Authors: Janet Wallach
Tags: #Adventure, #Travel, #Non-Fiction, #Biography, #History
O
nce more the high peaks of Switzerland tempted her, and in little over a month she left for the Oberland, writing home delightedly that she was recognized by a guard on the Brünnig train. Was she “
the
Miss Bell who had climbed the Engelhorn last year?” he had asked. “This is fame,” she informed her family.
Soon after registering at the Kurhaus, her hotel in Rosenalui, she wanted to put herself in shape for serious climbs. Walking straight up a hill, she reached the edge of a glacier and sat down, thinking “what a lucky dog” she was to be there.
Dressed for the biting cold, she was off once again with her guides, the brothers Ulrich and Heinrich, making easy ascents up and down some “charming” little rocks of the Oberland. They tackled “the first of the impossibles, the Wellhorn arête,” 10,485 feet, running up the beginning of the Vorder Wellhorn, and after hours of climbing the smooth rocks, they came to a terribly dangerous precipice. “My heart sank,” she confessed. “I thought we should never do it.” Shivering with cold, they faced a rotting knife edge of rock that crumbled in masses as they went along, with steep precipices beneath them that threatened their every step. But with the aid of an iron nail and a double rope they reached the summit, returning happily to the inn to plan the next event.
In the course of her previous visits she and her guides had considered an ascent up the rocky face of the Finsteraarhorn glacier. Serious climbs were a means to stretch her athletic stamina, to prove her physical strength, to compete with her own sex as well as with males and, most important, to test herself. She was determined to achieve the highest possible position, no matter in which field of endeavor; mountain climbing (a popular sport for females) offered clear tasks and, quite literally, a chance to reach the heights. But if she was going to climb a mountain, she would do it the way she did everything else: not by following in other people’s footsteps, but by seeking to break new ground. She would find the untried and persevere to overcome it; otherwise, it was hardly worth the doing.
The climb up the face of the Finsteraarhorn was three thousand vertical feet, steeper and higher than almost any place in the Alps, a daring climb that had not yet been tried. “The arěte,” she explained, “rises from the glacier in a great series of gendarmes [spires], and towers, set at such an angle on the steep face of the mountain that you wonder how they can stand at all and indeed they can scarcely be said to stand, for the great points of them are continually overbalancing and tumbling down into the couloirs [the gaps], between the arêtes and they are all capped with loosely poised stones, jutting onto and hanging over and ready to fall at any moment.” The dangers were enormous, the rocks “exceedingly steep” and as they began their ascent at one
A.M
. on the fateful day of July 31, 1902, black clouds rolled up from the west. But “the game” had begun. Gertrude was determined to slash through the glacier to the peak.
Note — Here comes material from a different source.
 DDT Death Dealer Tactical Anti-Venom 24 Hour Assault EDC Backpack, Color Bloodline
Tied to one another on a rope, she and the guides pushed their way up the arěte for several hours, past some of the terribly difficult “chimneys,” narrow clefts in the cliff, until, at a thousand feet below the summit, they were in sight of the final two spires. White flakes started to fall, and they sat down to eat a few mouthfuls of snow; refreshed, they crept along the knife edge of a narrow pass. The snow was coming down faster, furious and blinding, swirling in a small avalanche; they could see nothing of the mountainside either to the right or to the left, and the slope was too slippery with the fresh snow. They had had no choice but to turn back. They knew it would be only slightly less precarious than going up.
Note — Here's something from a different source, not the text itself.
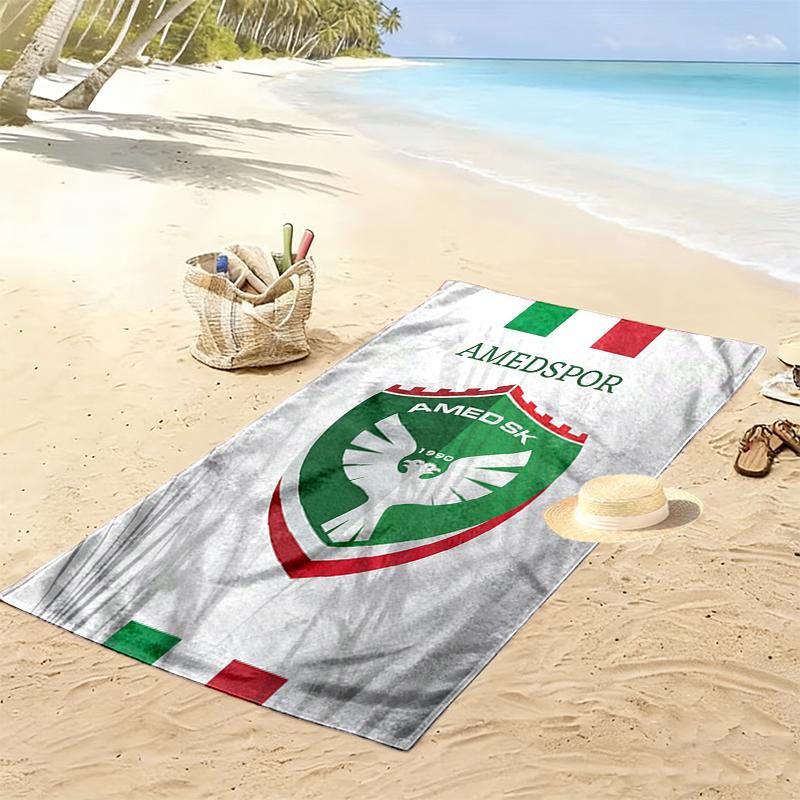 Amedspor Print Beach Towel Large Soft Quick Dry Towel For Beach Camping Swimming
They reached a sloping rock ledge, but it offered little relief; from there they would have to drop eight feet down onto deep snow. They fixed an extra rope and tumbled down, one after the other, onto the snow. “It felt awful,” Gertrude reported; “I shall remember every inch of that rock face for the rest of my life.” It was six in the evening, and their goal was to work down to the most difficult of the narrow clefts while it was still layered with only a little snow. But after they toiled for several more hours down the rocks, a furious thunderstorm began. They were completely vulnerable. “We were standing by a great upright on the top of a tower when suddenly it gave a crack and a blue flame sat on it for a second,” she wrote. “My ice axe jumped in my hand and I thought the steel felt hot through my woollen glove—was that possible? I didn’t take my glove off to see! Before we knew where we were the rock flashed again.” They “tumbled down a chimney as hard as ever we could, one on top of the other, buried our ice axe heads in some shale at the bottom of it and hurriedly retreated from them. It’s not nice to carry a private lightning conductor in your hand in the thick of a thunderstorm.”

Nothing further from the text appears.